Most software engineers have never built in payments.
This is probably good for their mental health. But it means they’ve never been forced to confront what software actually is: a set of promises to the real world, where the real world pushes back.
”It works” isn’t a state
In most domains, you can ship something, see it work, and move on. In payments, “it works” is a temporary observation. It means nothing until you’ve survived:
- Chargebacks from buyers who claim they never got what they paid for
- Fraudsters probing your checkout with stolen cards at 3am
- A processor changing their rules mid-quarter
- Reconciliation drift that you don’t notice until accounting asks why the numbers don’t match
Payments forces you to think in failure modes, not happy paths. And that’s a skill most engineers never develop.
The fraud never sleeps
Fraud is not a bug. It’s a business model on the other side of your API.
There are people whose job is to find the cracks in your system. They’re often better funded and more motivated than your team. They iterate faster because they don’t have standups.
This changes how you think about software. You stop asking “does this work?” and start asking “how will this be exploited?”
Constraints are the feature
In payments, you can’t just do what you want. Banks have rules. Card networks have rules. Regulators have rules. Your processor has rules about the rules.
At first, this feels limiting. Then you realize: constraints force clarity.
When you can’t just add a feature because “it’s technically possible,” you have to actually think about whether it’s a good idea. Payments taught me that the best products aren’t the ones with the most flexibility—they’re the ones with the right constraints.
The reconciliation problem
Every payments company eventually discovers the reconciliation problem: the money you think you have is not the same as the money you actually have.
This sounds trivial. It isn’t. Reconciliation failures compound. A small drift today becomes an accounting nightmare in six months. The systems that survive are the ones that assume they’re wrong and build in continuous checking.

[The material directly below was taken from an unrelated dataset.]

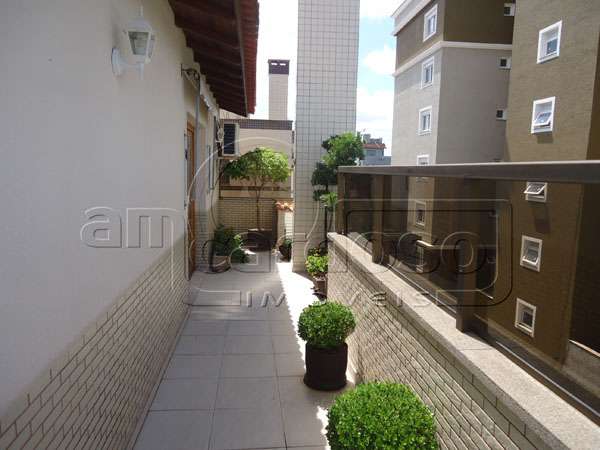 Apartamento 3 quarto(s)  no bairro Jardim Itu Sabar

This is a generalizable lesson: any system that can get out of sync with reality will eventually get out of sync with reality. Build the feedback loops early.
What you learn
Building in payments teaches you:
- The happy path is a lie
- “It works” means nothing without durability
- Adversaries are part of the system
- Constraints force good decisions
- Reconciliation is a feature, not an afterthought
If you’ve never built in payments, find an excuse to. It’ll make you better at everything else.